## Data block

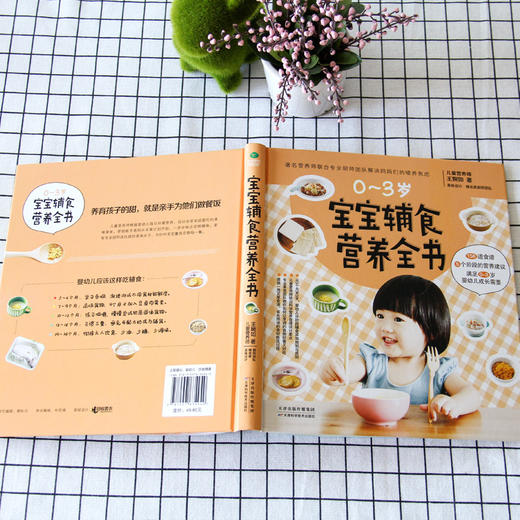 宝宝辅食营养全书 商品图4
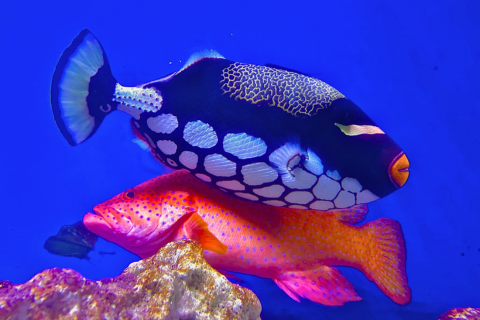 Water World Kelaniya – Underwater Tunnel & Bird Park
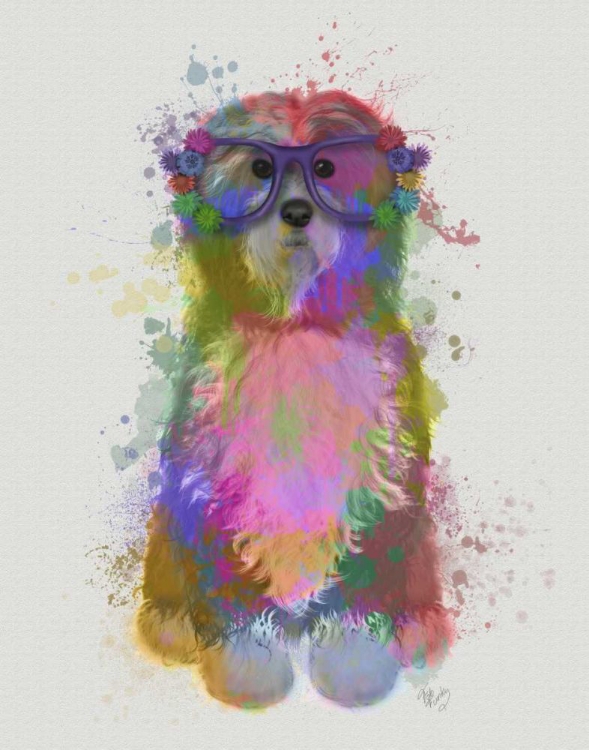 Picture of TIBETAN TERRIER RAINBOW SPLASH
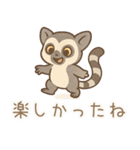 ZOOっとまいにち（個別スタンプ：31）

## To do
The task requires that every line above be transcribed exactly, without the images.

## Task answer
 宝宝辅食营养全书 商品图4
 Water World Kelaniya – Underwater Tunnel & Bird Park
 Picture of TIBETAN TERRIER RAINBOW SPLASH
 ZOOっとまいにち（個別スタンプ：31）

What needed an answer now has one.